Voici quelques vers extraits de ce poème en page 63 : « Mes blessures écoutent ma voix/ Je clame, elles obéissent/ Je crie, elles fléchissent/ Elles viennent à mon secours/ Et me procurent aide et soutien/ Mes blessures sont innombrables/ Je flirte avec elles en secret et les invoque ouvertement/ Je les interpelle aux pires moments/ Et nous nous saluons à chaque lever de soleil ou à chaque crépuscule/ Mes blessures sont le secret de mon succès… »
A la fin du même poème, on peut lire à la page 67 ce qui suit : « Ô mes blessures, soyez profondes et ferventes/ Personne ne peut vous arracher de moi/… Mes blessures sont du sang pur/ Elles inondent l’univers de netteté et de beauté/ Elles appliquent mille baisers sur les lèvres de l’espoir et remplissent de mille parfums les cœurs des désespérés… »
Ce recueil s’ouvre sur un poème intitulé « Suicide des démons de la poésie » décrivant un long voyage effectué par le poète, sur les traces de Sindbad, en quête des « Démons de la poésie ». Au fil de son voyage, il rencontre l’un de ces démons qui lui apprend la mort des poètes et partant, de la poésie, cet art sublime qui semble avoir perdu de son éclat et de sa gloire à travers les époques.
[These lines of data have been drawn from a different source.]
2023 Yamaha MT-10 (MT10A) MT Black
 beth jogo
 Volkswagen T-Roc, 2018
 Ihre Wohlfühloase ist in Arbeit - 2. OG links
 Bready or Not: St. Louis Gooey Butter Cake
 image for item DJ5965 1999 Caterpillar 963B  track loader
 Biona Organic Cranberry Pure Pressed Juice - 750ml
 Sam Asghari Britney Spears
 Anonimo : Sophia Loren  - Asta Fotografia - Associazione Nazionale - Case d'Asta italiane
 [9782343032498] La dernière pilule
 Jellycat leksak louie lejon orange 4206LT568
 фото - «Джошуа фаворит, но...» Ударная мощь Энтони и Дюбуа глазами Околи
On peut lire en page 18 : « Quant aux Modernes, ne m’en parlez pas/ Nous n’avons aucun lien avec eux/ Ni avec leurs absurdités divulguées dans les tribunes/ Nous sommes complètement différents/ Tout ce qu’ils disent, c’est du charabia/… »
Cependant, le recueil finit sur un ton optimiste avec le poème intitulé « Hymne du salut » en page 97 où l’on peut lire : « Ainsi la sérénité éclot accompagnée d’espoir/ L’univers est rempli de chants étranges/ dont les sons font danser le temps/ Une chaleur gagne mon corps épuisé/ Et mes battements de cœur sont de retour/… »
Et plus loin, en page 100, le poète exprime sa joie et sa fierté pour la poésie immortelle qui restera sa raison d’être et l’origine de son salut : « Béni soit celui qui embrasse la poésie/Et celui qui lui servira de phare et de lumière, le guidant vers le salut. »
Le reste des poèmes traite de questions philosophiques, métaphysiques et existentielles, telles que la mort, l’après-mort, le destin de l’homme, le mystère de l’inconnu, l’absurdité de la vie. Des textes qui inciteraient le lecteur à repenser son humanité, à réfléchir sur ses choix dans la vie et à apprendre à se connaître soi-même à travers son existence.